La piraterie est un phénomène qui prend une ampleur sans précédent. « Elle génère un stress important pour le maritime, ce qui n’est pas sans effets sur l’économie de ce secteur », a indiqué Paul Tourret, directeur de l’Isemar lors de sa présentation à Iumi. Il a exposé en détail les chiffres de ce fléau notamment dans l’océan Indien. Au 18 août, l’IMB-PRC a recensé 314 actes dits de criminalité maritime ou de piraterie. Si cette dernière suscite toujours autant d’intérêt, elle touche 1 % des navires empruntant le détroit de Bab el Mandeb, au large du Yemen.

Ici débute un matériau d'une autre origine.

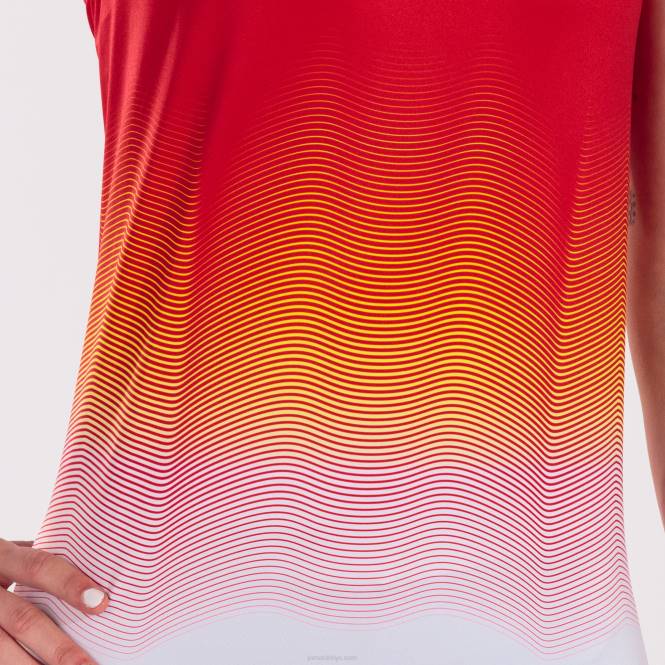 tank top elit vii Joma kırmızı beyaz sarı kadınlar 0RJD3703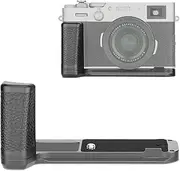 Haoge Hand Grip for Fujifilm Fuji X100VI Camera L-Shape Handle Grip fit Arca Swiss Kirk RRS Quick Release Plate Camera Bracket HG-XVIB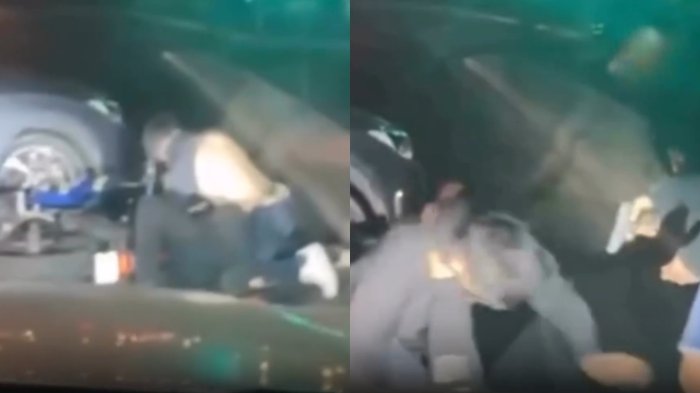 Motociclista contra dos automovilistas: Registran brutal riña hasta con arma de fuego en Antofagasta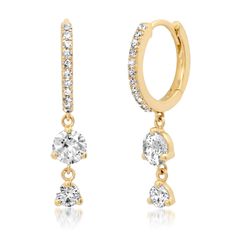 Floating diamond earrings are one of my all-time go-to styles. The diamonds appear to be floating perfectly below the ear and the setting is so discreet the diamonds sparkle like stars. Available in 14k yellow, rose, or white gold .75ctw diamonds Measures 4mm x 21.5mm By Curated by AB Vvs Clarity Diamond Drop Earrings In 14k Gold, Gold Bridal Earrings With Brilliant Cut Dangle, Yellow Gold Linear Earrings With Brilliant Cut For Wedding, Wedding Linear Earrings In Yellow Gold With Brilliant Cut, Yellow Gold Brilliant Cut Cubic Zirconia Linear Earrings, Gold Brilliant Cut Cubic Zirconia Linear Earrings, Yellow Gold Linear Earrings With Cubic Zirconia, Gold Diamond Linear Earrings With Brilliant Cut, Elegant Dangle Huggie Earrings With Brilliant Cut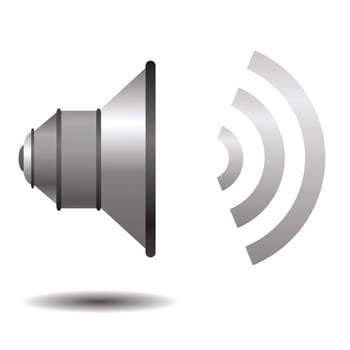 colorful illustration with speaker icon  for your design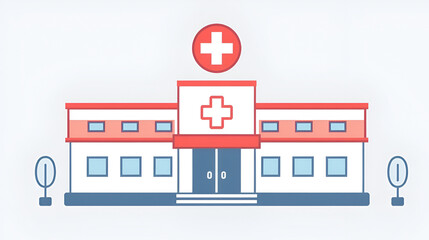 hospital glyph icon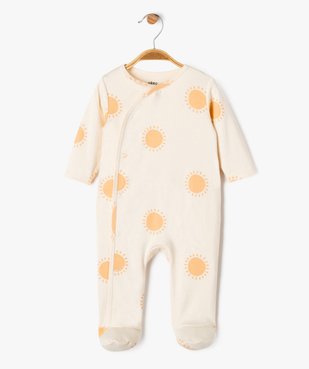 Pyjama bébé ouvert devant avec motifs soleils vue2 - GEMO 4G BEBE - GEMO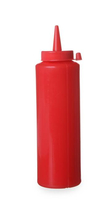 Dyspenser do zimnych sosów, 0,35 l, czerwony, ⌀55x205 mm | HENDI, 557815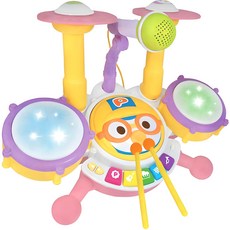 Gina World Singing Pororo 迷你鼓樂器套組, 混色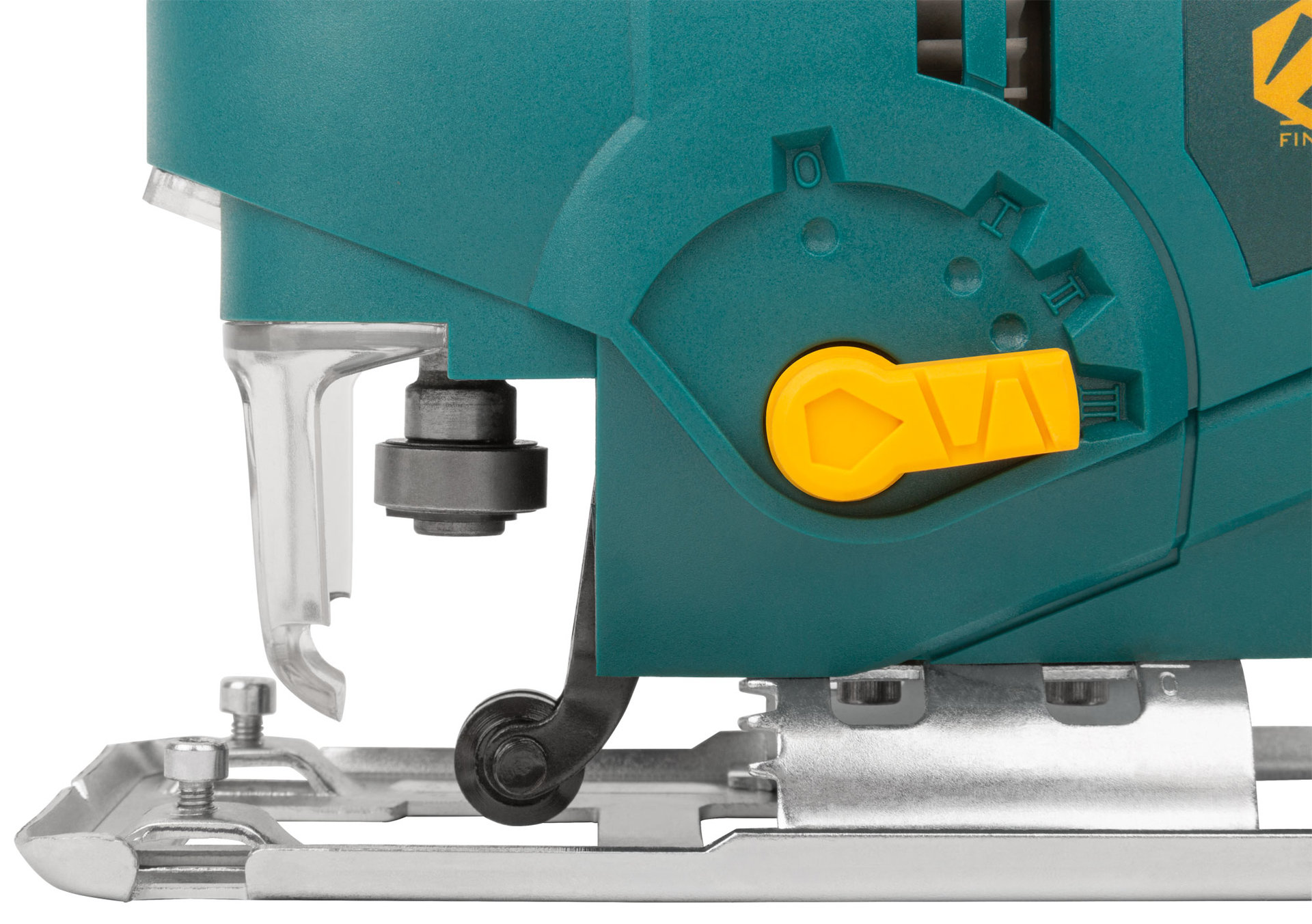 Лобзик 570 Вт; 0-3000 ход/мин; БзП; маятник; 65 мм; 1,9 кг; рез. накл.; коробка (80348)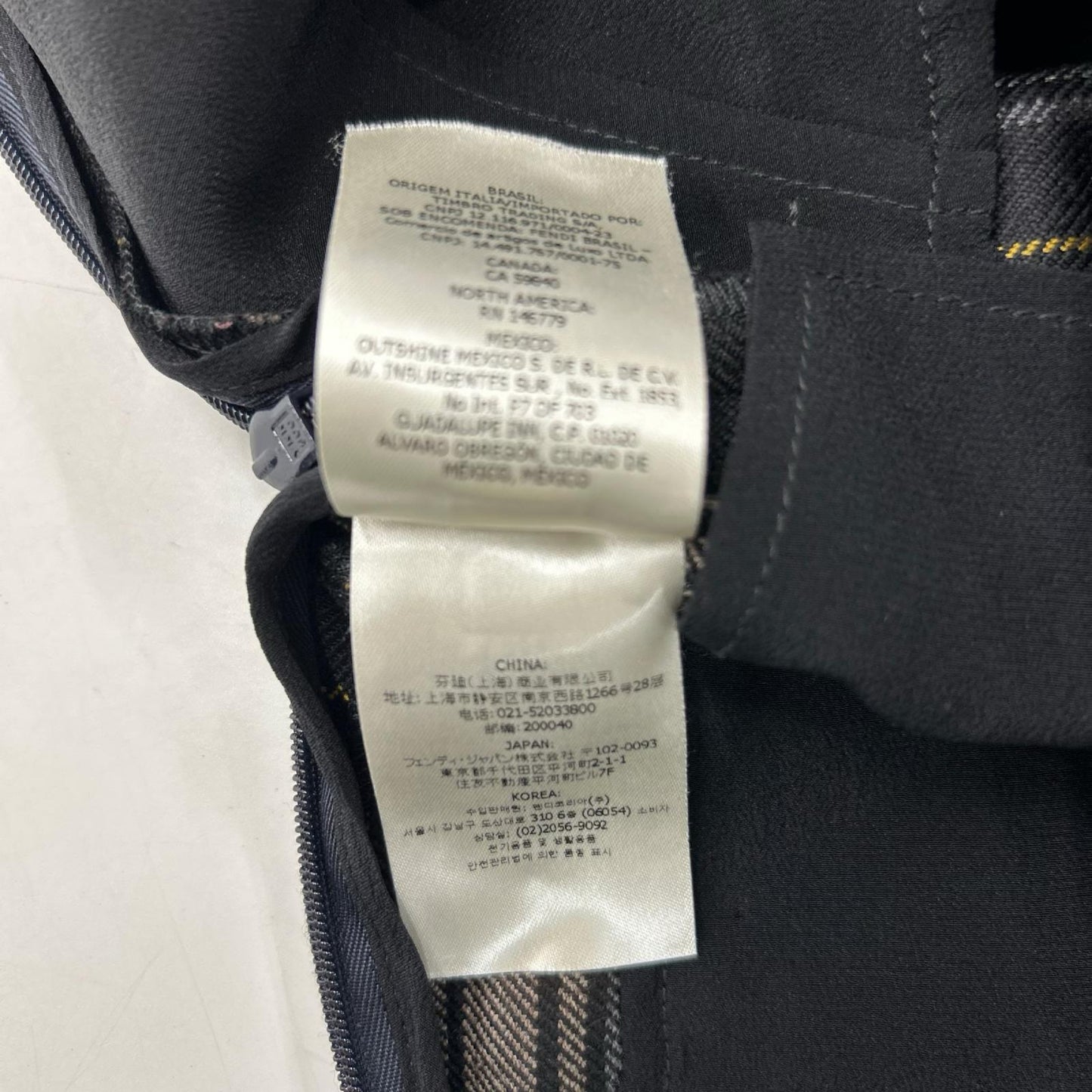 FENDI フェンディ 24年製 FR6611 チェック柄 キュロットパンツ ボトムス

Quelque cinq ou six bases terrestres ont été identifiées sur la côte somalienne où une dizaine de bandes agissent localement. Selon les chiffres exposés par Paul Tourret, 1 500 pirates évoluent dans l’océan Indien avec environ un gain de 400 $ par capture et par pirate. En plus de la situation du côté de la Somalie, l’essor des attaques à proximité du golfe de Guinée, du Bénin et du Nigeria constitue une nouvelle source d’inquiétude pour les mondes du shipping et de l’assurance. Le fléau de la piraterie touche les Européens et les Asiatiques principalement. Les premiers sont concernés parce que les navires qu’ils contrôlent ou qu’ils arment sont les principales victimes. L’Asie ressent ce phénomène puisque leur commerce international emprunte pour une large partie cette zone, soit pour approvisionner les économies asiatiques en énergie soit pour exporter la production vers les pays d’Europe. Deux raisons qui expliquent le poids important des Européens et des Asiatiques dans la lutte contre la piraterie par les marines militaires. Un coût global de surveillance qui s’élève entre 8 Md$ et 10 Md$ pour l’économie mondiale.
Gardes armés à bord
La nouvelle tendance est à autoriser les personnels armés à bord des navires. « Il a fallu du temps aux instances de Iumi pour accorder les gardes armés à bord des navires. Nous pensions que ce point appartient aux États et à l’OMI. Nous avons finalement accepté de voir des gardes armés à bord des navires », a indiqué le président de Iumi. À ce jour, aucun navire ayant à bord des hommes armés n’a été attaqué, ont relevé deux experts de Waltons & Morse LLP. Sur ce sujet, il reste aussi un gros travail à mener en matière de législation et de réglementation notamment, ont alerté différents intervenants. Alex Kemp, négociateur auprès de NYA International, société spécialisée dans les solutions de crise, a détaillé les différentes phases d’une prise d’otage de navires dans l’océan Indien. La société a traité plus de 350 cas de rançons depuis quelques années. Confronté quotidiennement à ces pirates, Alex Kemp se veut rassurant. « Les pirates ne sont pas des tueurs violents. La plupart du temps, ce sont des jeunes gens d’une vingtaine d’années. » Son premier conseil vise à prendre en compte un élément important. « Quand l’armateur est pressé par le temps de récupérer son navire, le pirate a tout son temps ». Une prise d’otage en 2005 s’étalait sur une vingtaine de jours. En 2010, elle dure 90 jours à 120 jours, voire 150. Si les gardes armés embarqués sur les navires constituent une réponse, les négociateurs pour libérer l’équipage et le navire entrent pour une large part dans la résolution de l’événement. « Nous ne sommes pas des James Bond. Notre objectif est de libérer le plus rapidement possible l’équipage et le navire en payant la somme appropriée », continue Alex Kempf. Et il donne le calendrier des actions à mener au cours de cette prise d’otage avec les évolutions de chaque partie entre la demande de rançon et la somme maximum à payer. « Nous ne sommes pas les payeurs et nous n’intervenons pas dans ce domaine. Nous sommes une tierce partie pour éviter toute escalade. » Gardes armés, négociateurs professionnels, marines militaires déployées, autant d’élément qui « nourrissent » une communauté. Pour tous les intervenants à la chaîne logistique, « il est de l’intérêt général de payer une rançon qui ne soit pas élevée », souligne Alex Kempf.